Problem to work on:
From the line containing "Villa Indipendente in" to the end of the records, print every line exactly, both ends included, and leave out the pictures.

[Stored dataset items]
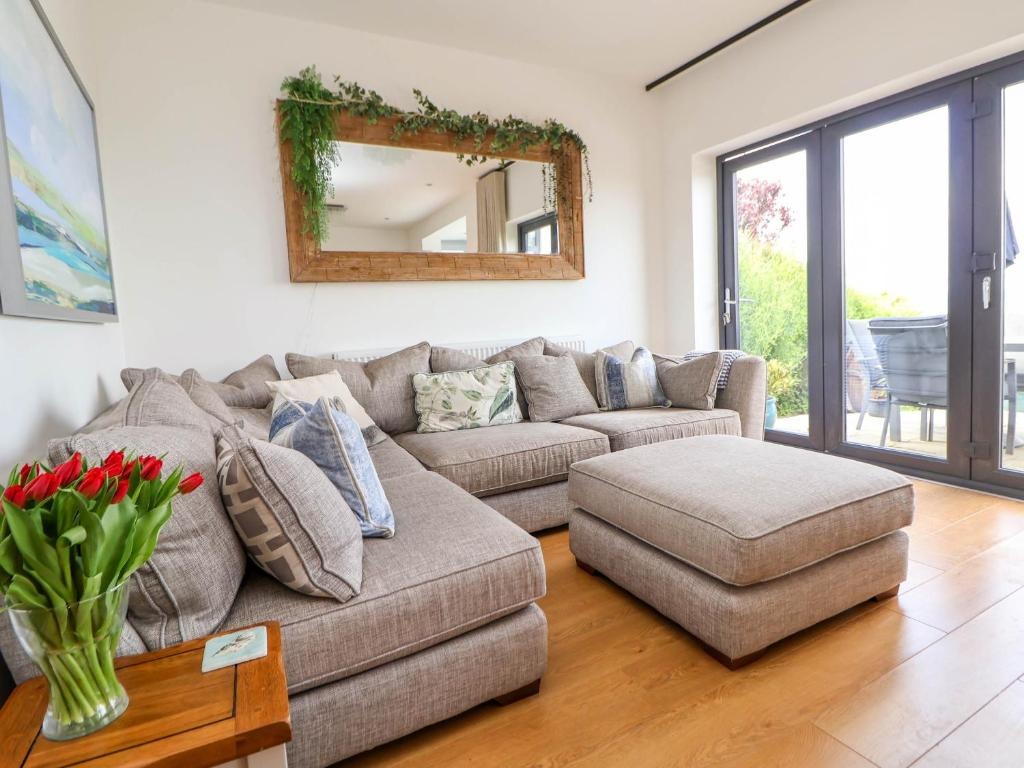 4 bed detached house for sale in Cwm Road, Dyserth, LL18 6HR 2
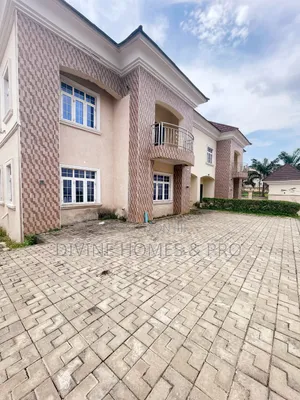 4bdrm Duplex in Berger Clinic, Life Camp for rent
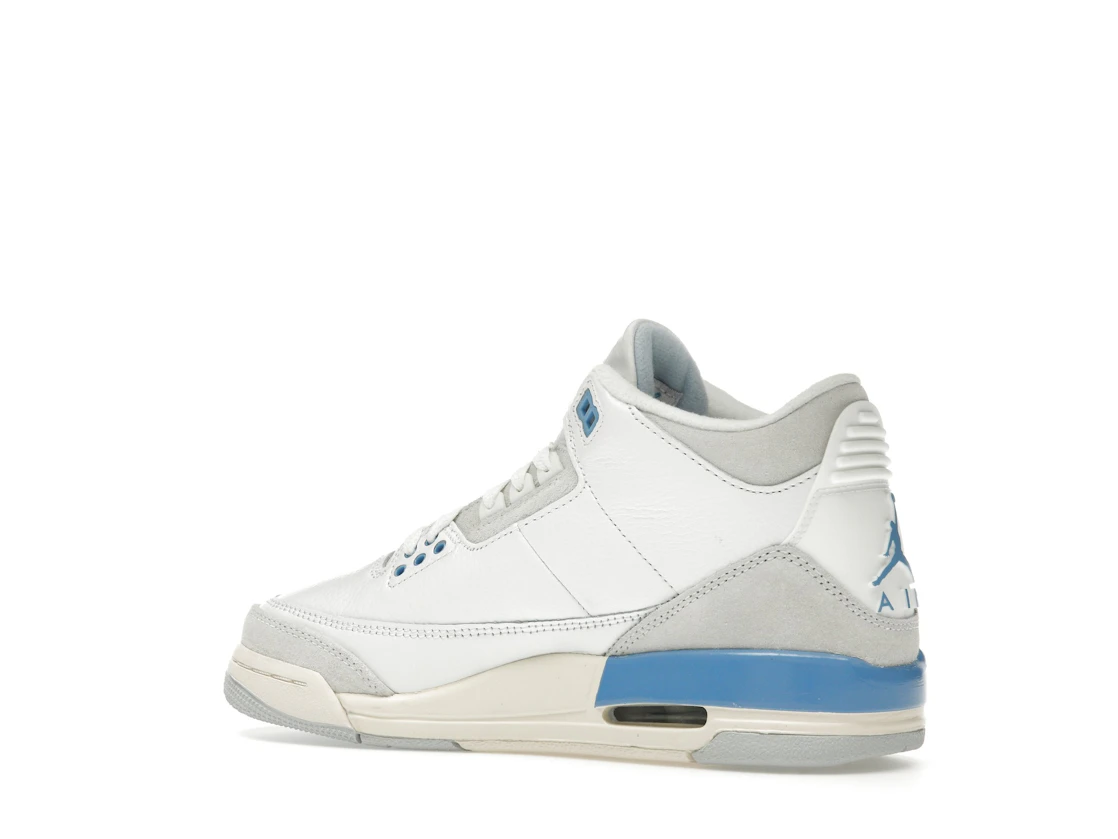 Vue 22 de Jordan 3 Retro Lucky Shorts (GS)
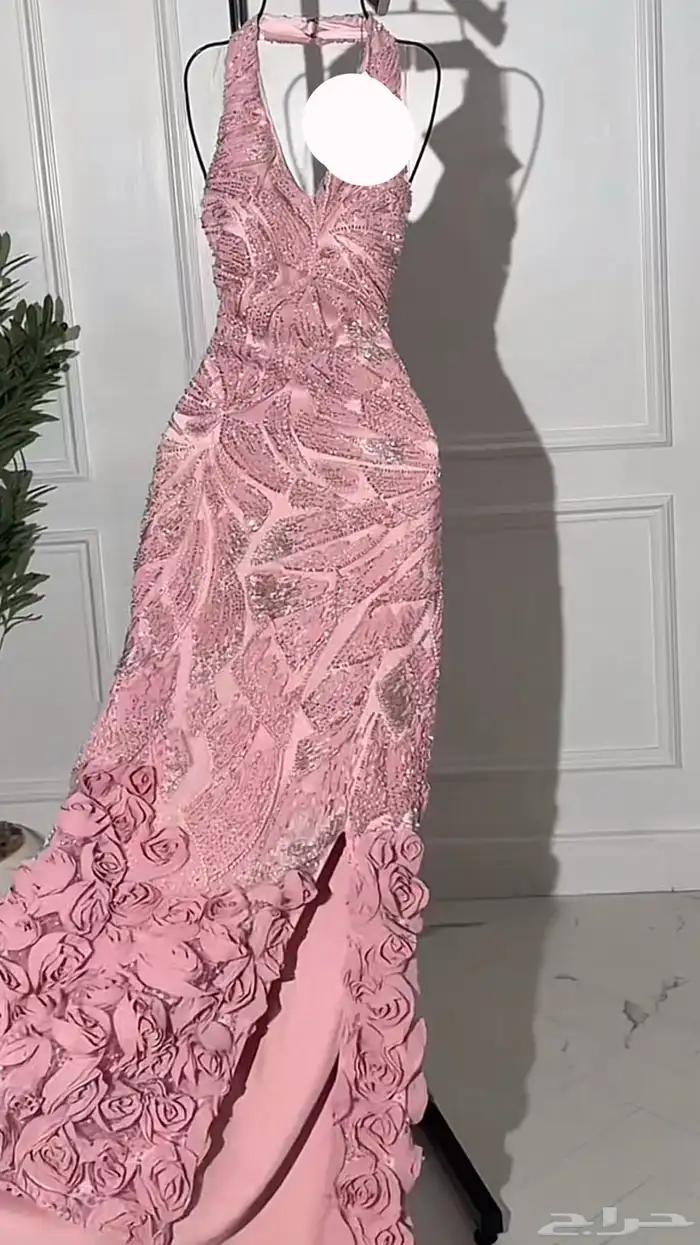 ماسك على الجسم ما انلبس ولا مره له اكمام المقاس L ب600 ريال 0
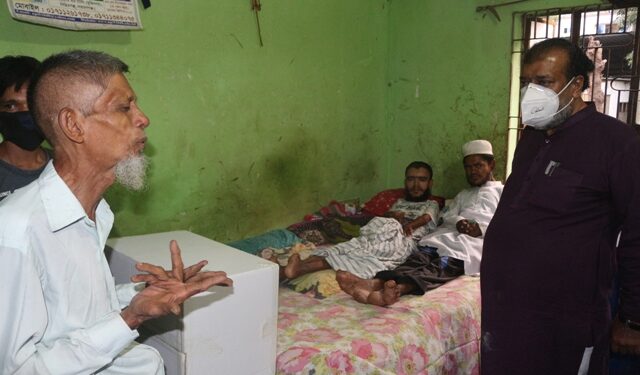 প্রতিবন্ধীর যুবকের আবেদনে সহযোগীতা নিয়ে বাসায় উপস্থিত সেলিম ওসমান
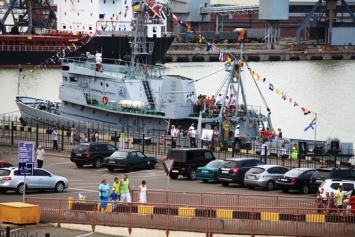 В День ВМС одесситы и гости города посетили корабли. Фоторепортаж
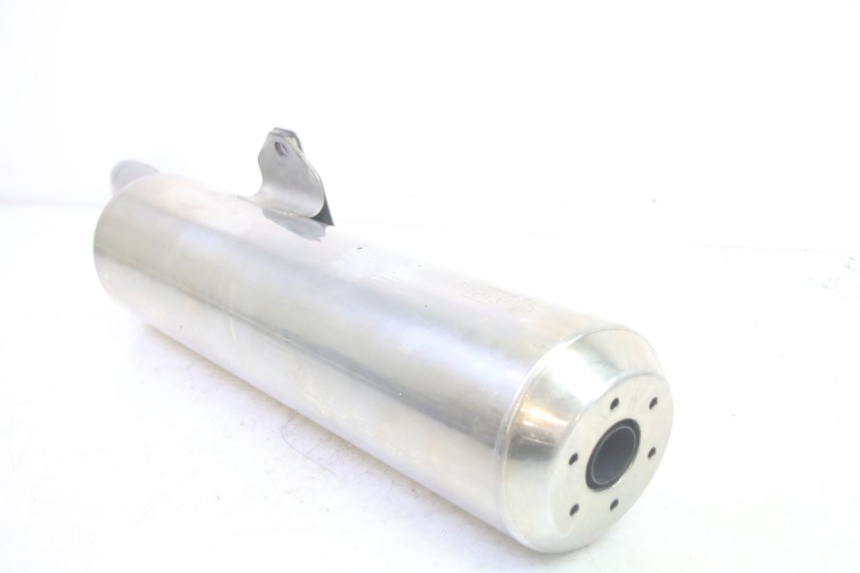 photo de IZQUIERDA ESCAPE YAMAHA FJR ABS 1300 (2006 - 2012) - Primer plano técnico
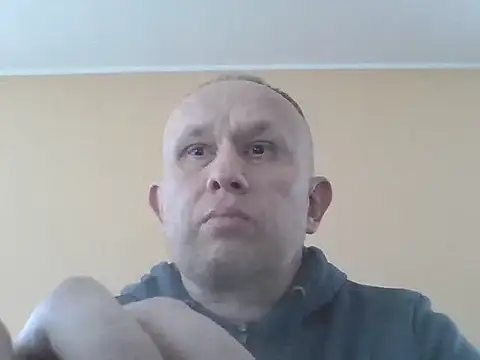 Snapshot of X46x chatting on 11/08/25, 08:29 X46x online show from 11/08/25, 08:29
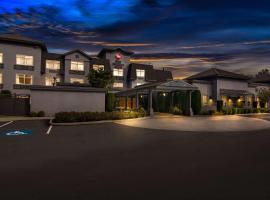 Best Western Plus Pitt Meadows Inn & Suites, hotel v destinaci Pitt Meadows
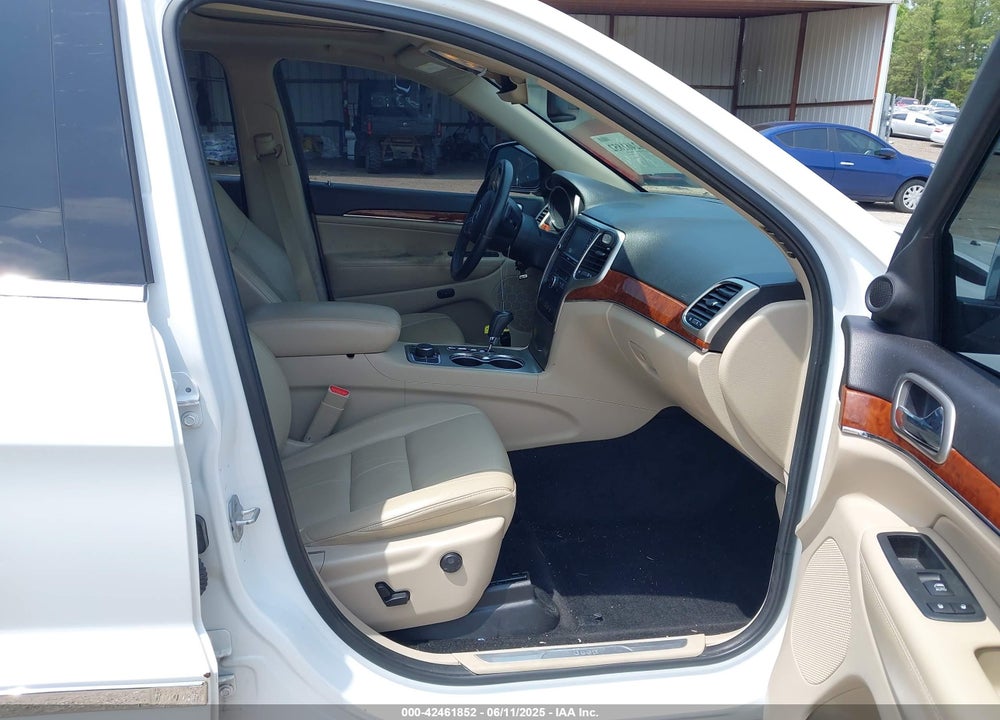 2013 JEEP GRAND CHEROKEE VIN: 1C4RJFBG2DC606325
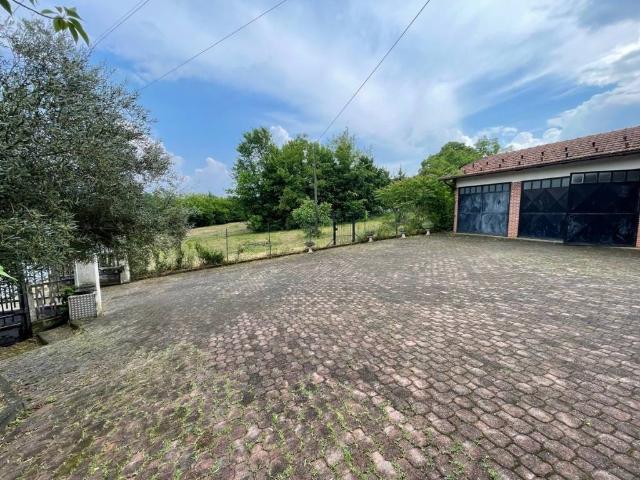 Villa Indipendente in vendita a Piemonte, Asti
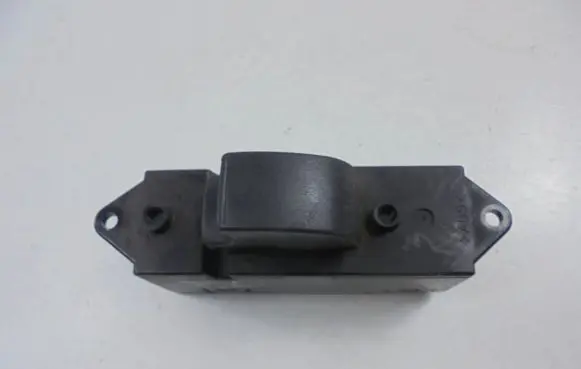 Mitsubishi Lancer Electric window control switch MR587880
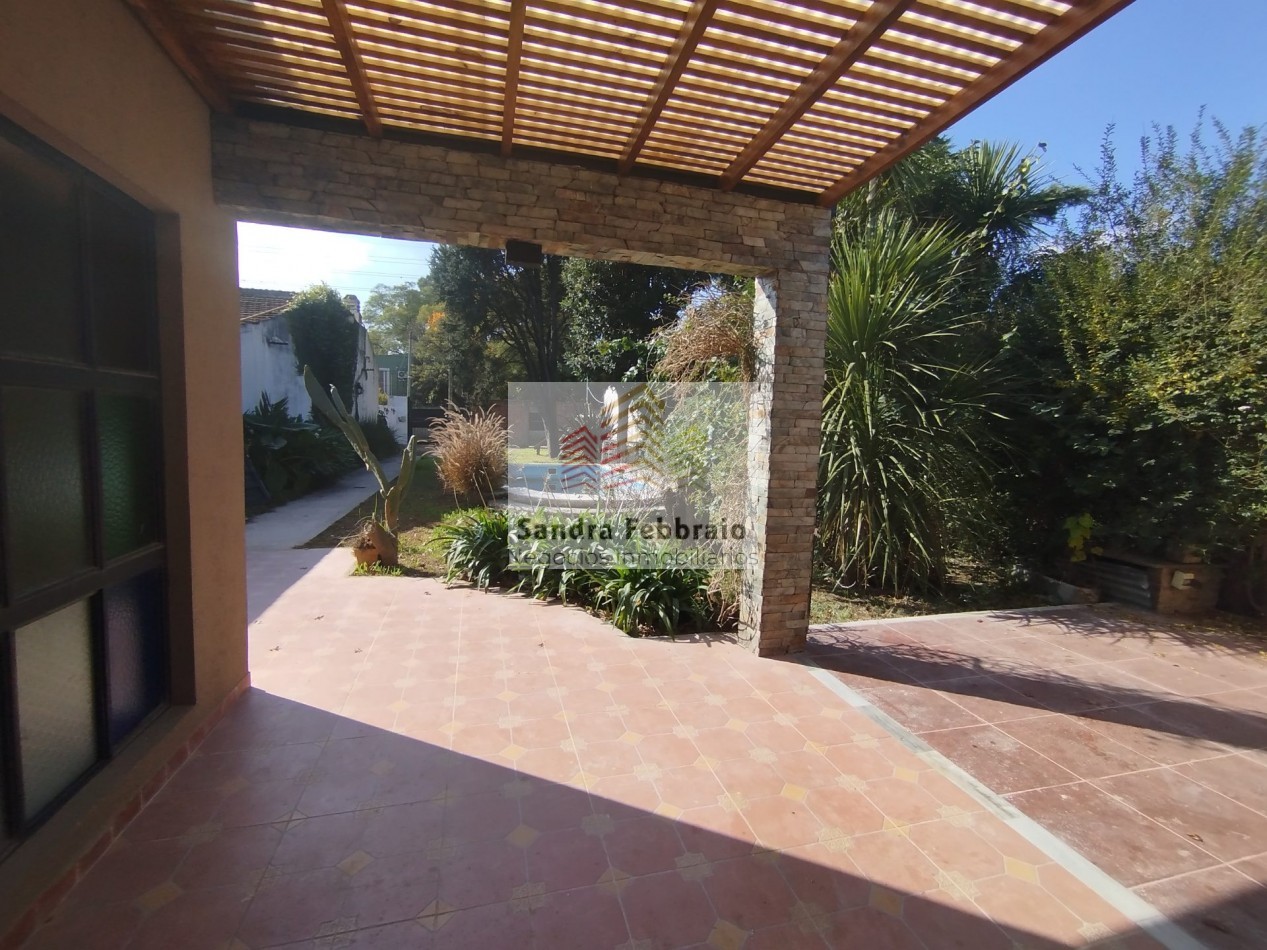 Alquiler casa quincho pileta Jose C paz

Exercise response:
 Villa Indipendente in vendita a Piemonte, Asti
 Mitsubishi Lancer Electric window control switch MR587880
 Alquiler casa quincho pileta Jose C paz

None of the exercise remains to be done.